AIM OF THE EXERCISE
For the material that follows, return exactly the lines from the one with "CT เซนเซอร์วัดกระแสไฟฟ้า วัดกระแสไฟฟ้กระแสสลับ" through the one with "fff66 Tangkapan Layar - APK Resmi", both ends included.

DATASET CONTENT
=== Begin Enclosure ===

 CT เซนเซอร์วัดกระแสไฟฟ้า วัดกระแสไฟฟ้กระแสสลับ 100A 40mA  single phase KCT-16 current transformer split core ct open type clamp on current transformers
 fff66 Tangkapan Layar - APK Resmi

=== End Enclosure ===
=== Begin Enclosure ===

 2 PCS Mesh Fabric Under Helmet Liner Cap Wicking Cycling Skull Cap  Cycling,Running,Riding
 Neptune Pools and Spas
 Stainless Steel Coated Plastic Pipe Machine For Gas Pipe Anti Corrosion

=== End Enclosure ===
=== Begin Enclosure ===

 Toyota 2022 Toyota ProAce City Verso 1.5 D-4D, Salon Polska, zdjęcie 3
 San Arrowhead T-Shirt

=== End Enclosure ===

RESPONSE TO THIS EXERCISE
 CT เซนเซอร์วัดกระแสไฟฟ้า วัดกระแสไฟฟ้กระแสสลับ 100A 40mA  single phase KCT-16 current transformer split core ct open type clamp on current transformers
 fff66 Tangkapan Layar - APK Resmi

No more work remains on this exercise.